Outside my office we have installed an ornamental water fountain which doubles as an avian bird bath and drinking station during the summer. Currently our various neighborhood birds have completed their parenting duties for the year and the permanent winter residents now seem to have banded together for some high sprited fun in addition to satisfying their need for food and water. Groups of mixed bird species sometimes excitedly fly from tree to tree or branch to branch in what seems to be a mysterious, exuberant celebration. The bedlam often ceases as suddenly as it began, only to resume another time.
One recent day our fountain was the locus of action. Within ten minutes seven different bird species visited the fountain. Many were robins, but they were joined by a blue jay, slate colored junco, cedar waxwings, starling, red bellied woodpecker, and several cardinals. In my human wisdom I would not have been bathing in the 36˚F temperature. But the cardinals seemed to enjoy splashing in the cold water with their feathered audience looking on. Most birds merely seemed intent on taking turns quenching their thirst. One exception was provided by two robins 90˚ apart on one level. In addition to drinking they periodically faced each other, opening and closing their bills in unison. Several other robins chased each other around the yard at intervals. What unknown purpose was served by these behaviors?
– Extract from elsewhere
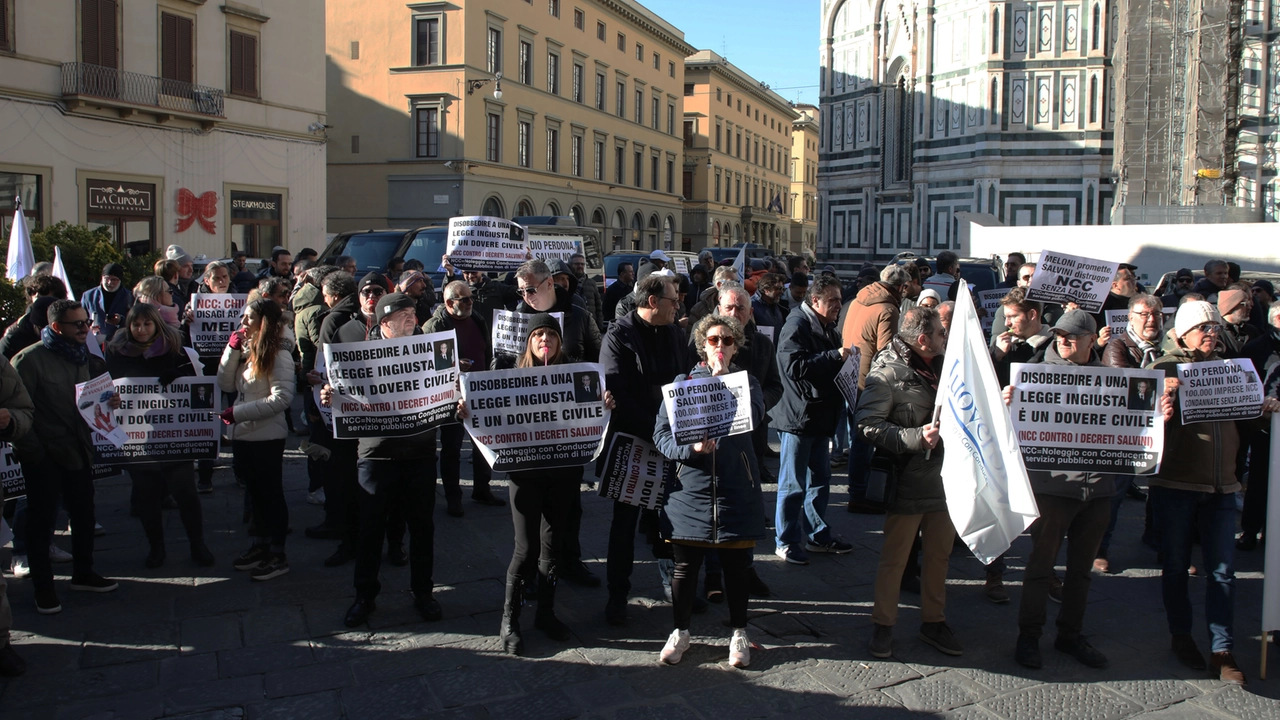 Sciopero e flash mob degli Ncc per protestare contro i decreti del ministro Salvini (Foto Marco Mori /New Press Photo) Sciopero e flash mob degli Ncc per protestare contro i decreti del ministro Salvini (Foto Marco Mori /New Press Photo)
The blue jay garnered the most respect. He drank alone, having assertively dispersed the other birds for a few moments. Many birds seemed to politely defer to each other. Rarely did more than one or two drink at once. In ten minutes I observed behavioral interactions which could be variously described as joy, excitement, cooperation, submission, caution, assertiveness, aggression, dominance, boldness, and fear. My research provided information on the desirability of helping birds during winter by keeping a water fountain liquid all winter with a submersible heater. Most over-wintering birds seem to manage well without the human provision of feeders. Perhaps providing water is more important. Most important may be the lessons provided for us by the behavior of “birds of the heavens.” Their innate wisdom teaches humans some valuable lessons.
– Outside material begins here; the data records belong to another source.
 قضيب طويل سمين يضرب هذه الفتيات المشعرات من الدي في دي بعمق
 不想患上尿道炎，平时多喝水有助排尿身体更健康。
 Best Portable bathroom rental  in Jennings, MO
We learn from wild creatures by systematically observing their activities. The familiar verse in Matthew reminds us that wild animals’ innate wisdom is supplied by God Himself: “Look at the birds of the air, that they do not sow, nor reap nor gather into barns, and yet your heavenly Father feeds them. Are you not worth much more than they?” Evidence that our Father values us more highly is plentiful, including our intellectual capacity to provide for our own needs in ways animals cannot. The inherent wisdom of animals, however, provides humans with much food for thought. The exuberant autumn antics of our neighborhood birds are a gift of the provident Creator, both to the birds and to us.
In a broad sense, we may say that the tutorial provided by our feathered neighbors is a lesson from natural theology--a human lesson drawn from our “reason and ordinary experience” which points to the existence and actions of a divine Being. Science and natural theology are different pathways to realities of how the natural world works, including the scientific question of causes. Most professional scientists are willing to stop off at a naturalistic explanation for fascinating everyday phenomena we observe, consigning any hint of a theological implication to religionists. The problem of separation constructed between science and religion is known as the demarcation problem. It is hotly debated by scientists who wish to preserve the naturalistic purity of science unencumbered by any theological implication.
Multiple passages in scripture tilt us toward contemplation of the deeper theological significance of things we observe in the natural world. As I watched seven distinctly different bird species cavorting around my water fountain, I admired the unique beauty of each one along with their distinctive mannerisms. For me, explaining their physical beauty and behavior entirely by naturalistic reductionism amounts to an absurdity. I highly respect the methods of science which aid me in understanding beauty and behavior. In most instances science provides an entirely adequate account. Contemplating deeper theological significance, however, enhances our understanding and enjoyment of the reality of the Creator and His relationship with the created order.